The entries below need to be transcribed exactly, without their images.
##### AVAILABLE DATA #####
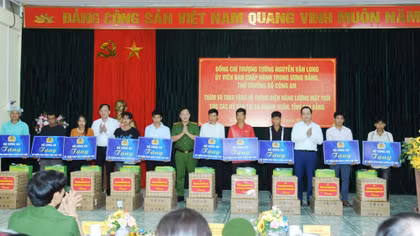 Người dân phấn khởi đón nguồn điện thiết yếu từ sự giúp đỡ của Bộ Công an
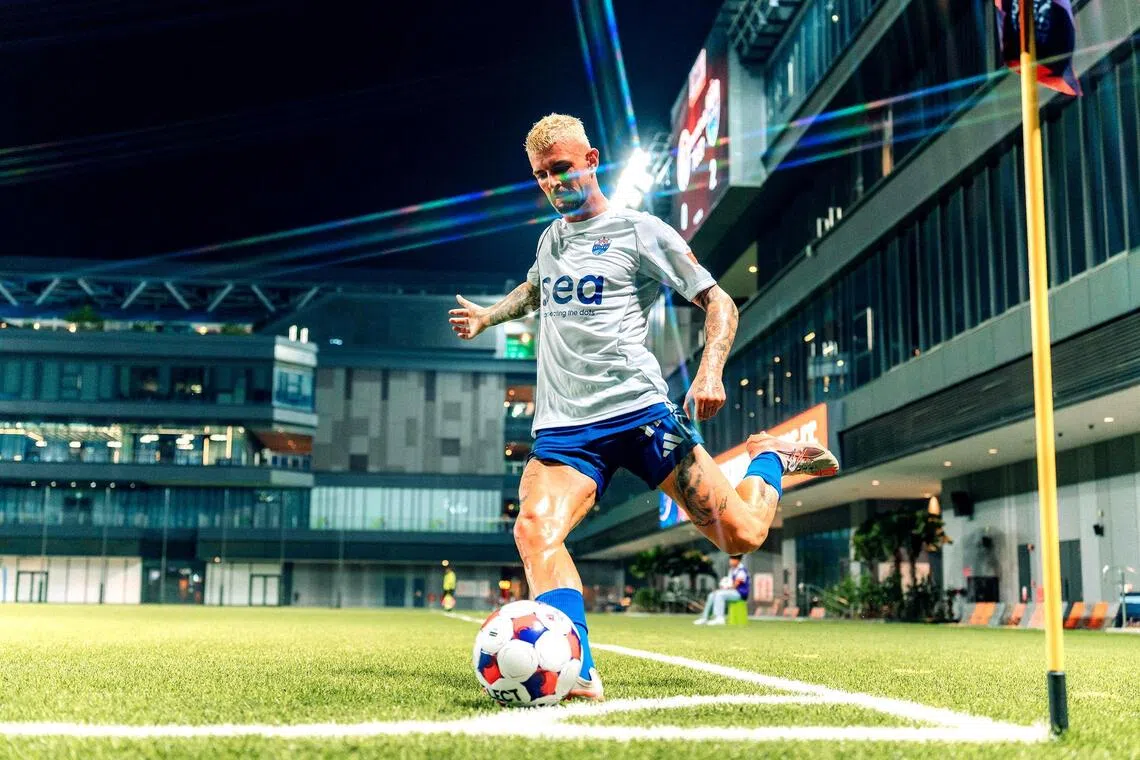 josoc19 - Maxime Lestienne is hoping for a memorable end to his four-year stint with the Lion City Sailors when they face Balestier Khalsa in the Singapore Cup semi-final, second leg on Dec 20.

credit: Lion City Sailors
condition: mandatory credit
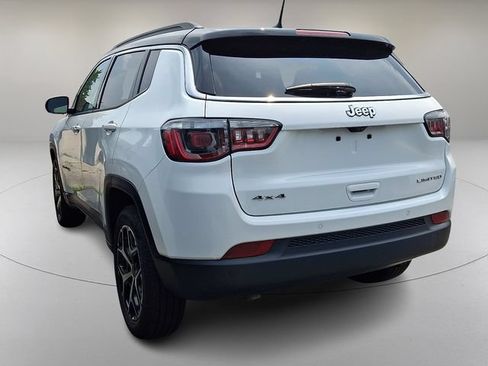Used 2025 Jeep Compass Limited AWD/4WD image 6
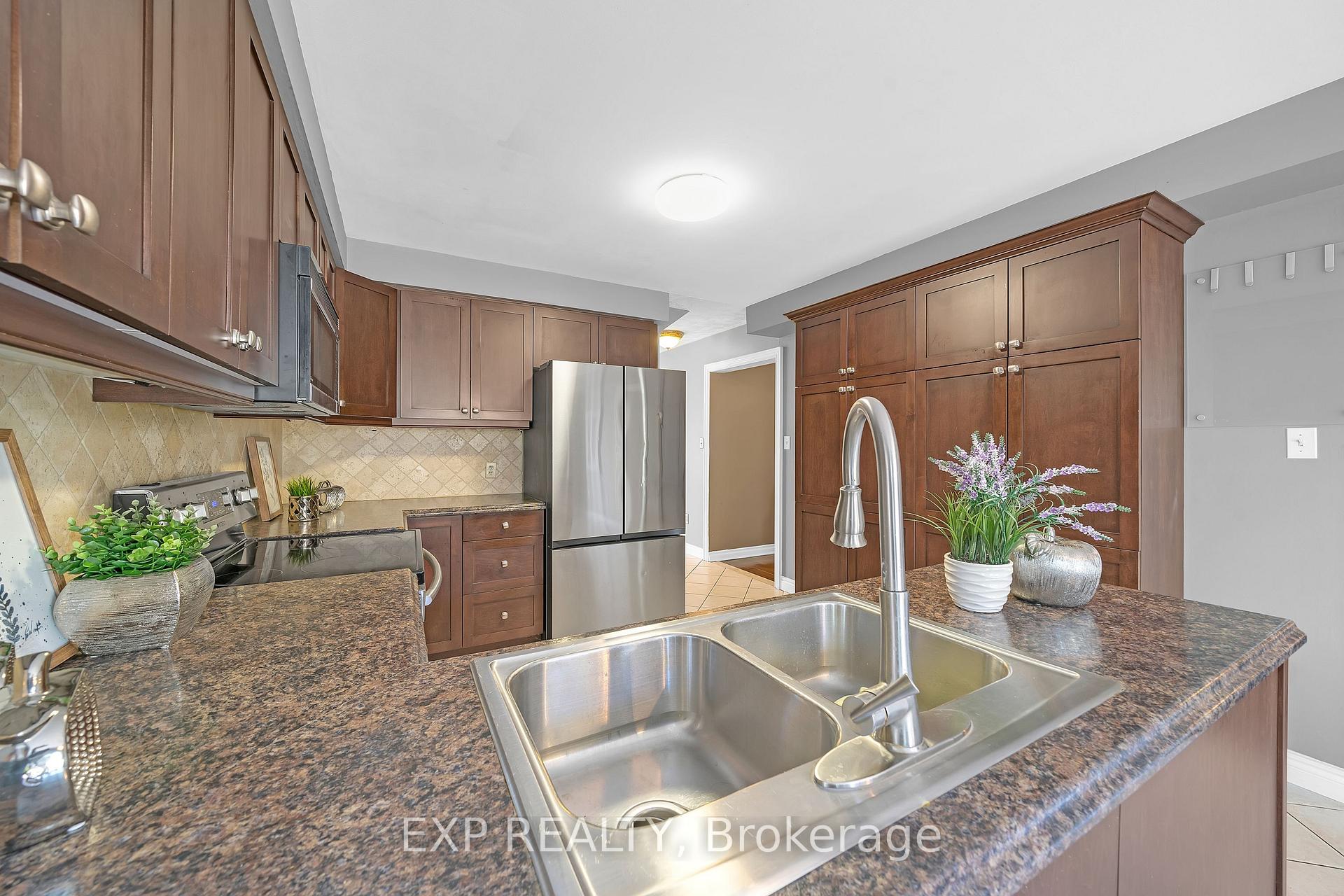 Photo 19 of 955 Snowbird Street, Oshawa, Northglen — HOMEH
#####
OUTPUT FOR THIS EXERCISE
 Người dân phấn khởi đón nguồn điện thiết yếu từ sự giúp đỡ của Bộ Công an
 josoc19 - Maxime Lestienne is hoping for a memorable end to his four-year stint with the Lion City Sailors when they face Balestier Khalsa in the Singapore Cup semi-final, second leg on Dec 20.

credit: Lion City Sailors
condition: mandatory credit
Used 2025 Jeep Compass Limited AWD/4WD image 6
 Photo 19 of 955 Snowbird Street, Oshawa, Northglen — HOMEH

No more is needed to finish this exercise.